Des avantages écologiques

La pierre sèche répond aux préoccupations de développement durable et à la crise énergétique actuelle. Ces murs, sans liant, consomment peu d’énergie et ont un écobilan favorable. Seule l’énergie du murailler-bâtisseur est sollicitée. Lorsque les pierres sont triées, rebâties et la terre replacée sur la terrasse, il ne reste aucun déchet.

De plus, la structure en pierre sèche avec ses cavités, trous et niches, permet la vie d’une multitude d’animaux et de plantes participant ainsi à la biodiversité.

Un avantage paysager et patrimonial

Il est évident que les constructions en pierre sèche structurent la qualité d’un paysage ou la beauté d’un site. La pratique de la technique de la pierre sèche permet de restaurer tout un patrimoine vernaculaire qui constitue une mémoire locale et une immense richesse culturelle.

Il s’agit également de maintenir un savoir-faire, celui de murailler-bâtisseur en pierres sèches. On aborde ici l’importance du maintien et de la transmission du savoir-faire, un travail à l’échelle de l’homme et un art aujourd’hui reconnu puisqu’il a été inscrit en 2018 sur la Liste représentative du patrimoine culturel immatériel de l’humanité. Quant au métier de murailler, il est inscrit sur la Liste des métiers d’art rares du ministère de la Culture depuis 2010.

Une technique moderne

Grâce aux travaux d’expérimentation menés ces dernières années, deux ouvrages de référence ont vu le jour, il s’agit du Guide de bonnes pratiques de construction de murs de soutènement en pierre sèche et Technique de construction des murs en pierre sèche : règles professionnelles. Ces guides, fruit du travail d’artisans, de techniciens et d’ingénieurs, permettent de dimensionner correctement des restaurations, mais surtout des créations d’ouvrages, notamment des murs de soutènement. Car la construction d’éléments architecturaux en pierre sèche n’est pas une pratique passéiste, elle répond aux enjeux du monde moderne.

L’avenir

Tout le monde peut pratiquer la pierre sèche.

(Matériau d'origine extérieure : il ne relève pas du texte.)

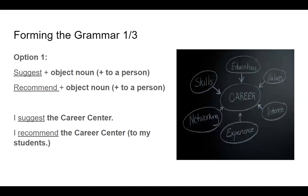Forming the grammar — Option 1. Suggest plus object noun, or plus 'to' a person. Recommend plus object noun, or plus 'to' a person. For example: 'I suggest the career center.' 'I recommend the career center to my students.'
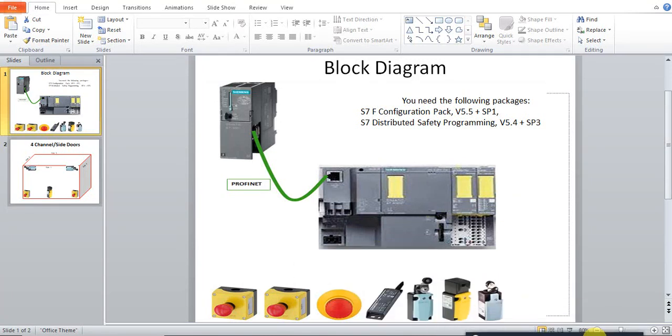In this video, I will show you a quick overview of how the Siemens Distributor Safety module is programmed.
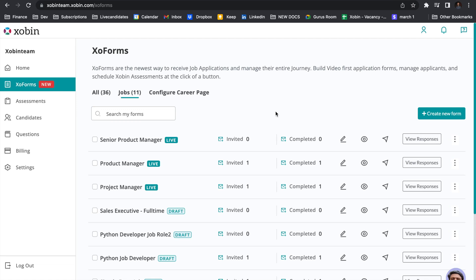Hi, in this video I'll explain what are Zoforms and how to get started. Zoforms are the newest way to receive job applicants and manage their entire journey in the Zorban platform.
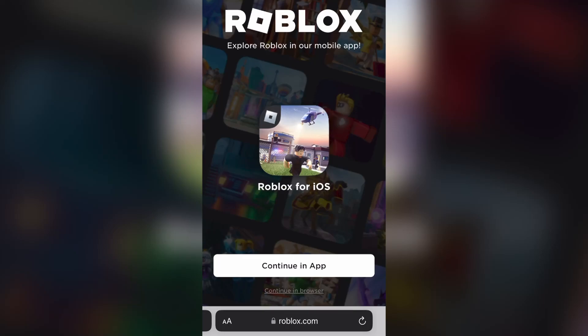In this video, I'm going to be showing you how to give Robux to your friends on mobile.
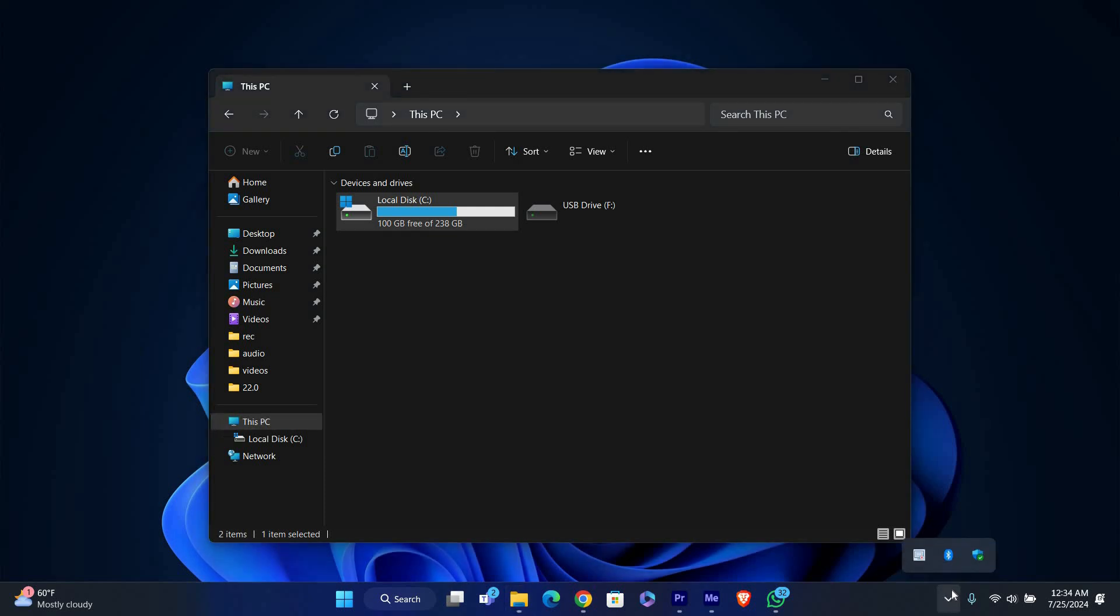In the expanded menu, look for an icon that looks like a USB drive with a checkmark. This is the 'Safely remove hardware and eject media' icon. Right-click on it and select eject.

Il suffit de sortir de chez soi, d’aller au bout du jardin, devant la maison, d’adhérer à une association locale de sauvegarde et d’entretien du patrimoine comme il en fleurit beaucoup en Périgord. Ces associations consacrent une partie de leur activité à la réfection d’ouvrages en pierres sèches. Les nombreux murs de taille modeste, disséminés dans nos villages et campagne, attendent leurs bâtisseurs et bâtisseuses. Bien sûr les grands et imposants ouvrages demandent assurément une technique confirmée mais aussi une endurance fiable, de la ténacité et un goût du travail de la pierre. Ils sont réservés aux professionnels.

Il existe des formations pour tous. L’École professionnelle de la pierre sèche (ABPS) à L’Espinas (commune de Ventalon en Cévennes) propose des formations pratiques à la demande : formations tout public, formations longue durée pour l’obtention des diplômes, formations pour les artisans souhaitant découvrir ou approfondir leurs connaissances techniques en pierre sèche, etc. Il y a déjà eu une formation tout public en Dordogne, à Vitrac… d’autres sont en préparation.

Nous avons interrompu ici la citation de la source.